Hier treten bereits zwei Motive deutlich hervor, die es zu untersuchen gilt – und die äußerst bedeutsam sein werden. 1a) Simone de Beauvoir drückt einen dieser Punkte ganz plastisch und deutlich aus: „Die bürgerliche Frau hängt an ihren Ketten, weil sie an ihren Klassenprivilegien hängt. Man erklärt ihr unablässig und sie weiß, daß die Emanzipation der Frauen eine Schwächung der bürgerlichen Gesellschaft nach sich ziehen würde: vom Mann befreit, wäre sie zum Arbeiten verurteilt; sie mag bedauern, daß sie nur ihrem Mann nachgeordnete Rechte auf das Privateigentum hat, noch mehr würde ihr aber leid tun, wenn dieses Eigentum abgeschafft würde.
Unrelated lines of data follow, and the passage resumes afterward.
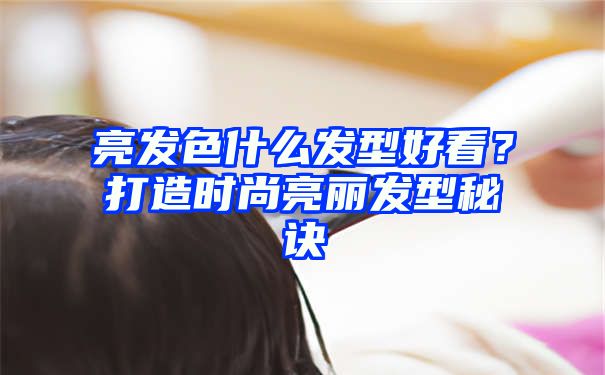 亮发色什么发型好看？打造时尚亮丽发型秘诀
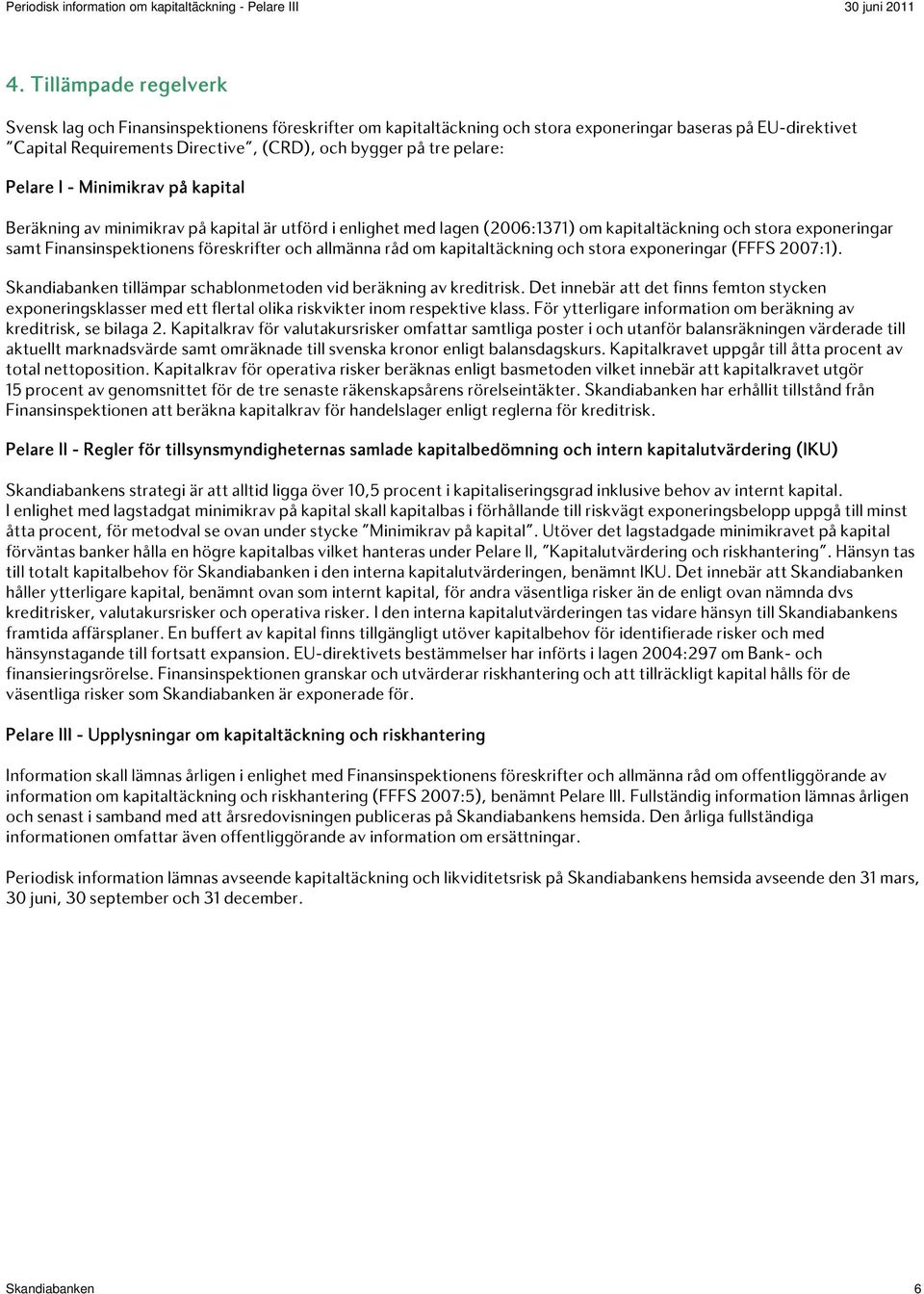 och allmänna råd om kapitaltäckning och stora exponeringar (FFFS 2007:1). Skandiabanken tillämpar schablonmetoden vid beräkning av kreditrisk.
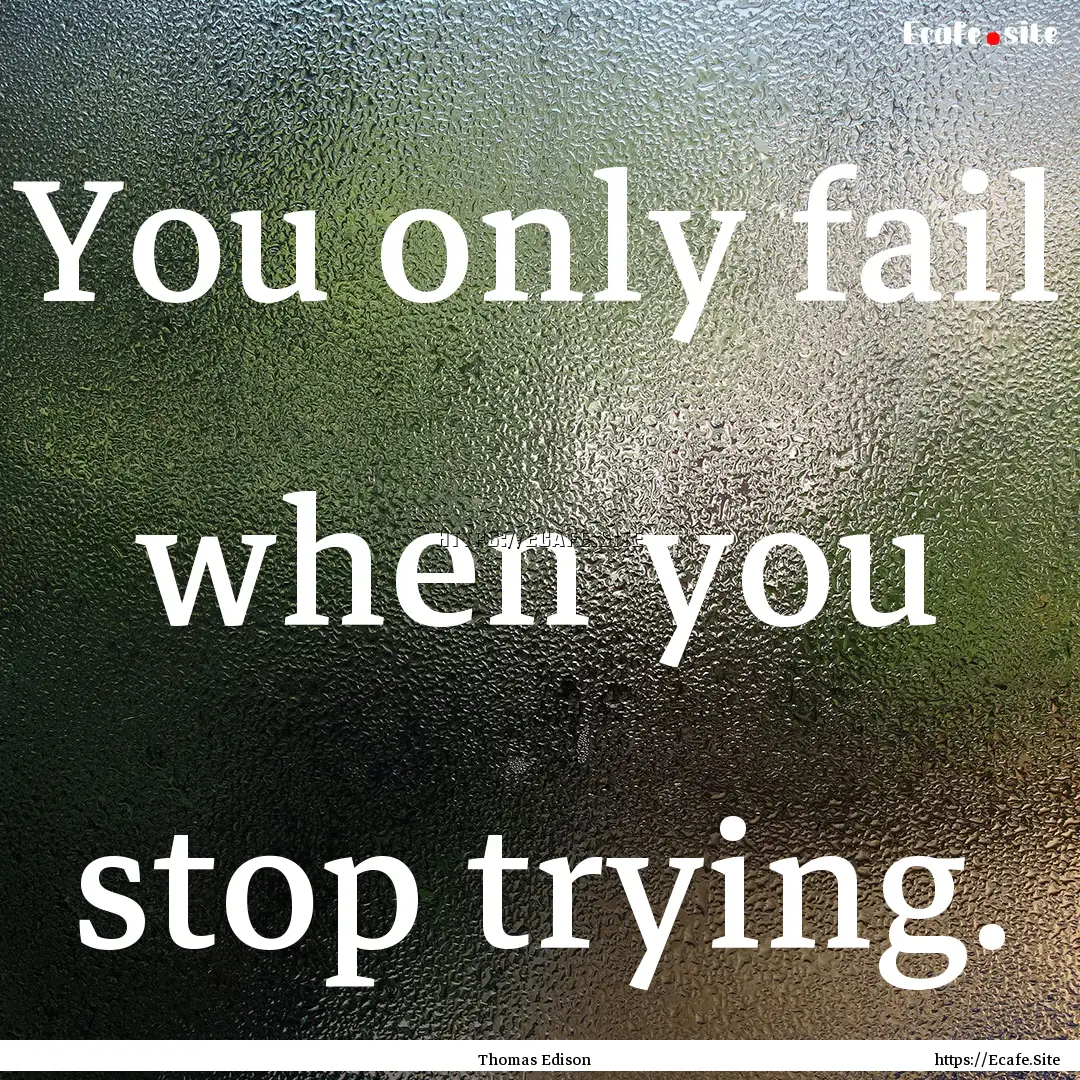 You only fail when you stop trying. : Quote by Thomas Edison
Mit den Frauen der arbeitenden Klasse fühlt sie sich nicht solidarisch: sie steht ihrem Mann viel näher als den Textilarbeiterinnen. Sie macht sich seine Interessen zu eigen.“ (Beauvoir 2008 [1949], Das andere Geschlecht: 155) Es gibt also offensichtlich auch für die in der Geschlechter-Dichotomie benachteiligten Frauen Argumente, an der Geschlechterordnung festzuhalten. Selbstverständlich ist die Sichtweise der Sphärentrennung der Geschlechter in der bürgerlichen Gesellschaft breit befestigt (oft über „Natur“ und nicht über den zuvor als allumfassend ermöglichenden und beschränkenden „Gott“). Es erscheint damit nicht nur „Konservativen“, sondern auch so einigen „Linken / Linksliberalen“, „an Emanzipation Interessierten“ durchaus als „natürlich“, dass Frauen und Männer durch unterschiedliche Merkmale geprägt seien und diesen in der gesellschaftlichen Ordnung Rechnung getragen werden müsse. 1b) Durch die bürgerlich organisierte ungleiche Bezahlung auch der arm gehaltenen Menschen erschien auch diesen die deutliche Sphärentrennung zweier Geschlechter als anzustrebender Lebensstandard. Sie wollten also „dass der Mann soviel verdient, damit die Frau nicht arbeiten gehen muss“. Ein so über Generationen verfestigtes Denken ist schwer aufzuheben.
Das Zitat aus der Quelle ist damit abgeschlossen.